Purple Toe

An Old Woman With a Very Different Purple Toe

HENRY SCHNEIDERMAN, MD—Series Editor—and ALEXANDER MBEWE, MD

HISTORY

A 77-year-old woman on the behavioral health hospital unit for treatment of complications of dementia is seen urgently because nursing staff note blue second toe on right foot. Has had aortic problems including a resection of a segment with a free flap of atheroma, temporally associated with cognitive decline. Has atrial fibrillation and is on aspirin monotherapy with no warfarin.

PHYSICAL EXAMINATION

Lethargic woman who cannot give cohesive answers to our queries. No skin lesions elsewhere including no livedo reticularis. Left dorsalis pedis pulse palpable; right barely palpable (feeble); neither foot is cold to the touch; both are nontender. Sole shows islands of similar purple discoloration. The purple toe is blanchable when capillary refill is tested. Attempt at Doppler assessment of perfusion is impaired by technical malfunction.

"WHAT'S YOUR DIAGNOSIS?"

 

 

ANSWER: A NEW FORM OF PURPLE TOE


Figure 1 – Manual separation emphasizes dissemination of irregular purple discoloration onto sole just proximal to the blue toe. Prominent warty keratosis is seen on inferior surface of the second toe; keratinous debris is seen on third toe and in 1-cm-deep "trench" just before all four smaller toes separate from one another and from the distal sole.

The plantar aspect of this toe shows purple nonuniform darkening that mimicked either a simple traumatic hematoma or the blue toe syndrome.1-4 More proximally, however, the solar aspect contained irregular dark-purple dots reminiscent of individual thrombosed venules, and in addition showed discontinuous purple zones more proximally in the part of the ray that lay within the body of the foot and that surely could not be imputed to any possible toe trauma or fracture (Figure 1) nor to ischemia in the distribution of any single vessel. No purple area was warm or tender.

We were highly puzzled, because many features fit for atheromatous embolism but the lesion morphology included some elements not described in that condition. It was considered urgent to decide whether any modulation of antithrombotic regimen was needed, and whether we needed to consult with a vascular surgeon. Making matters more complicated, her aortic procedure had been done in another part of the state, and had been undertaken for a flap of aortic intima and plaque that was thought to be a source of multiple small brain emboli and perhaps even an element in a progressive dementia.5,6 Clinical mini-strokes had ceased after this resection.
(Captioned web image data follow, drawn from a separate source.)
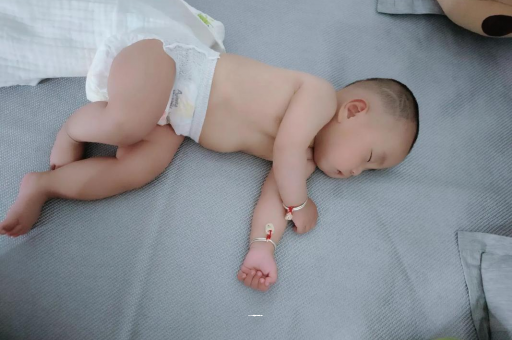 凉山怀孕多久肚子会胀气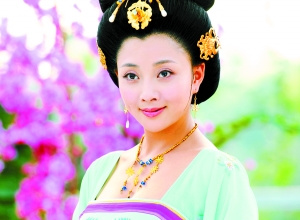 《三国演义》的秘史,湖南卫视将尤小刚执导的电视剧《杨贵妃风头》2015国产电视剧排行榜图片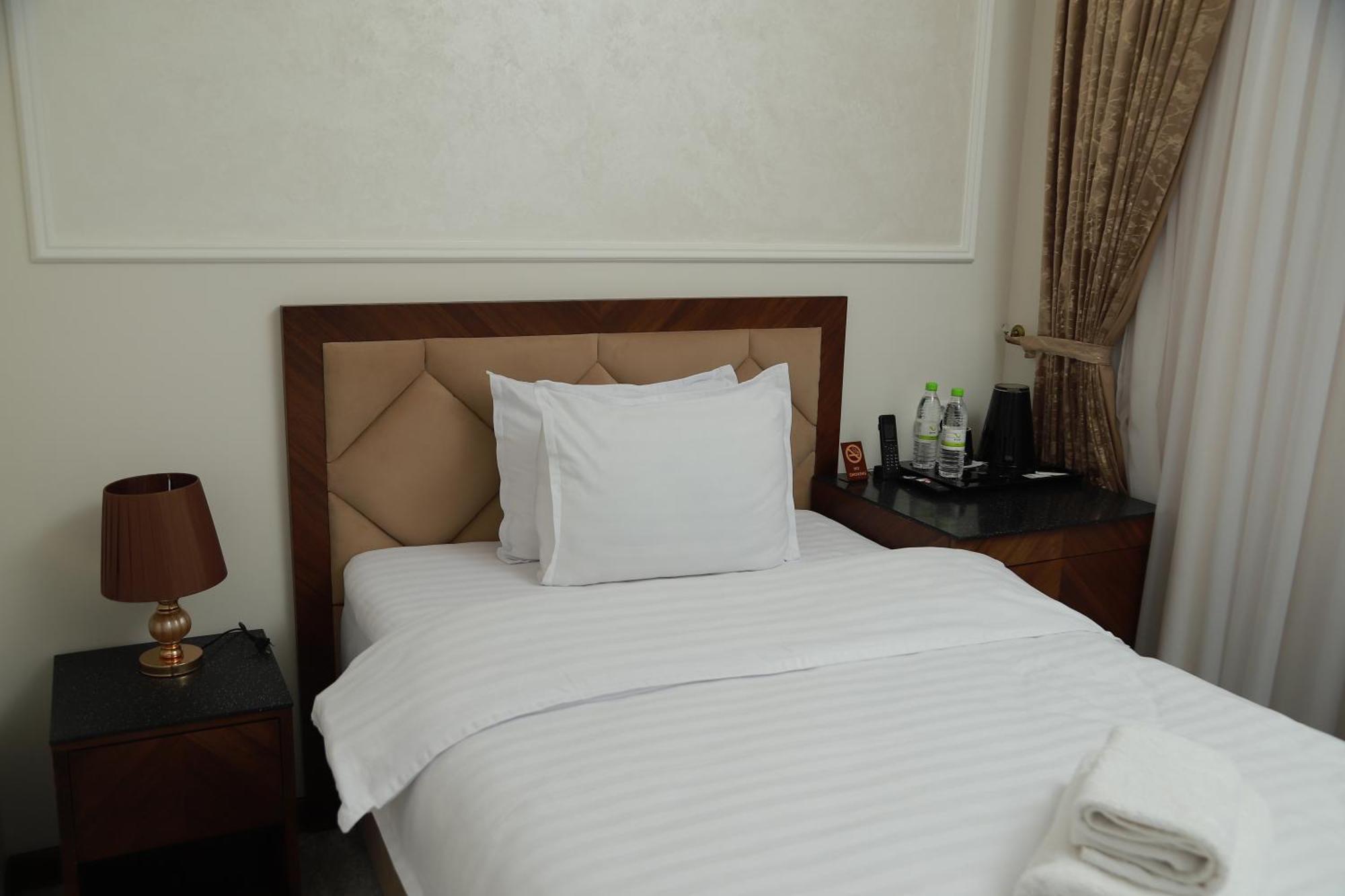 Sandhill Hotel Semerkant Dış mekan fotoğraf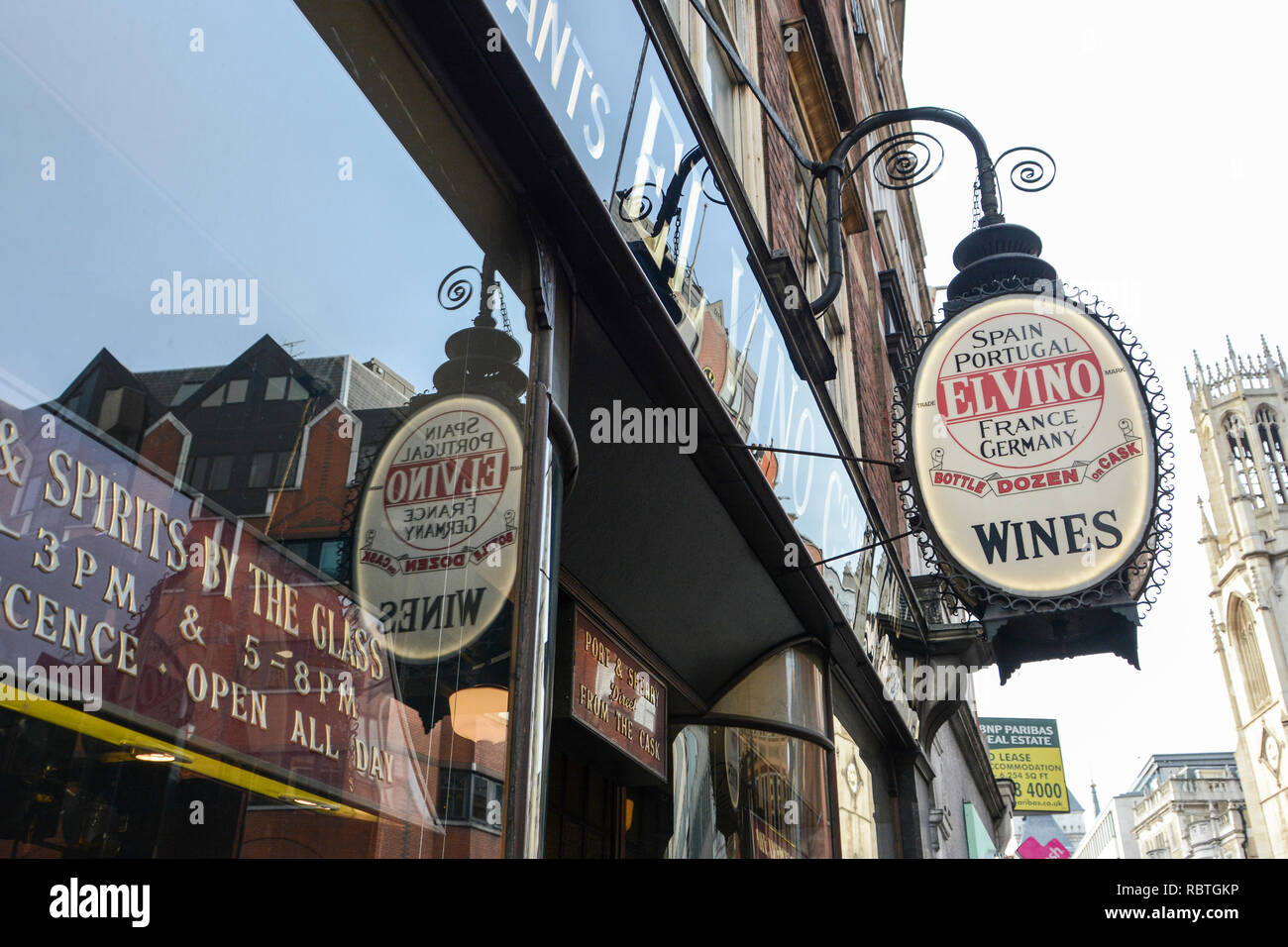 Negozio di vini e bar El Vinos - un famoso ritrovo di giornalisti e barrister immortalati come 'Pomeroys' in Rumpole of the Bailey, Londra, Inghilterra, Regno Unito Foto Stock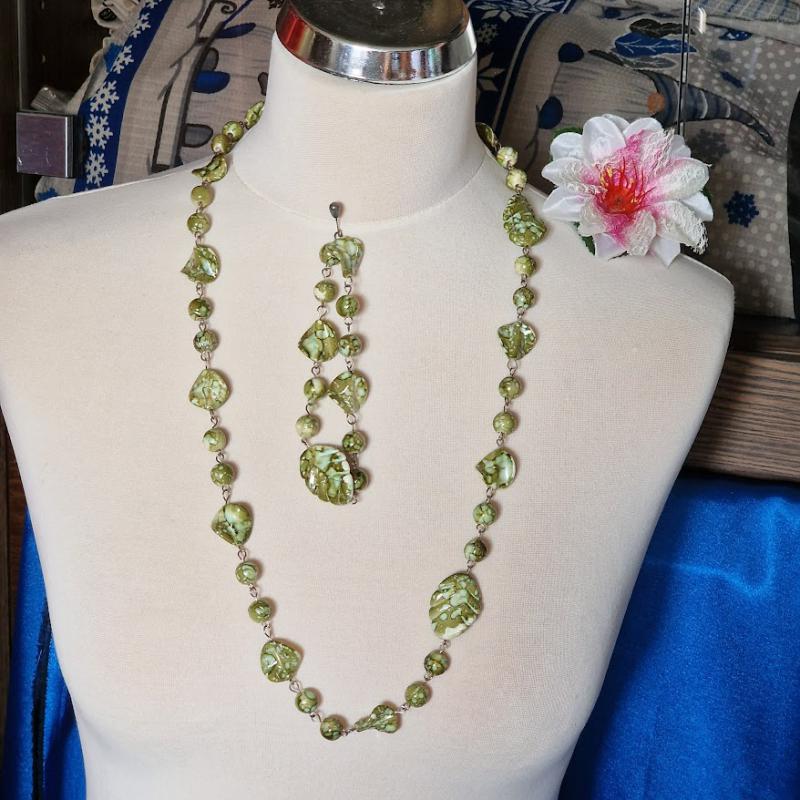 ESKÜVŐ ÉSZ15 - Gyöngyös, leveles ékszer szett: nyaklánc + karkötő - olajzöld árnyalatok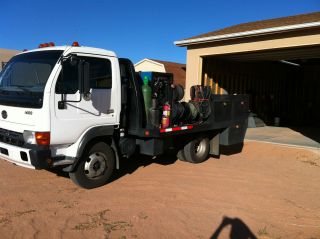 2006 Nissan Ud 1400 photo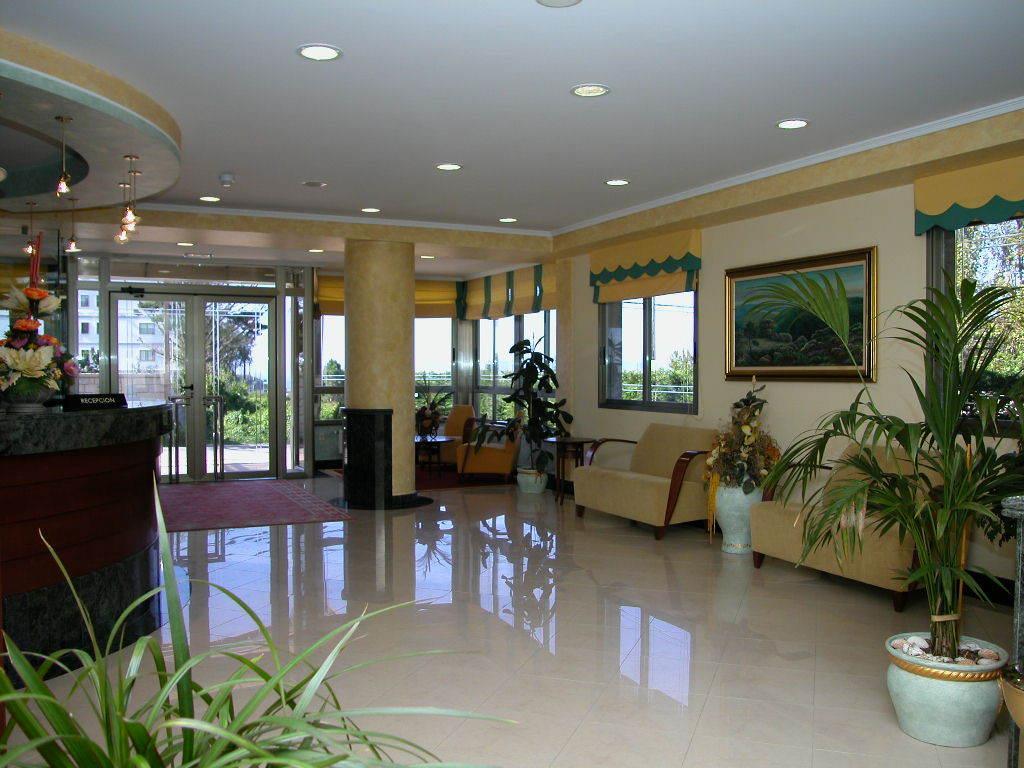 Hotel Pineiro 2 Estrellas Superior Playa de la Lanzada Exteriör bild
Her grown son, reached by telephone, informed us that the toe had "always been plum-colored" since an event in her childhood, and our concern about acute atheroembolism waned sharply. By next morning, the patient spontaneously became more cohesive and interactive. She told us that she had had "radium treatment" to the foot in early childhood, in the 1930s, and that the toe had been discolored ever since. Despite her dementia, she was highly descriptive and could answer compellingly that she was never told what condition was treated in this way; that she did not recall a deformity or lump beforehand; that the process, whatever it was, regressed or cleared after the radium but recurred subsequently, requiring surgery. All our efforts to identify a scar on the foot were unavailing.

SEEKING ANCIENT MEDICAL RECORDS

The patient recalled clearly that she had lived in Staten Island, New York, in childhood and received her radiation therapy in the city. At first she could not say whether this was in Manhattan. Then she remembered a hospital in her home borough. It had closed decades ago and been absorbed by another local hospital. We contacted the head of medical records at the latter to ask if any chart existed for a person of her name from the years in question. All records of that era had been destroyed. Thus, we could not determine indication, duration, or isotope.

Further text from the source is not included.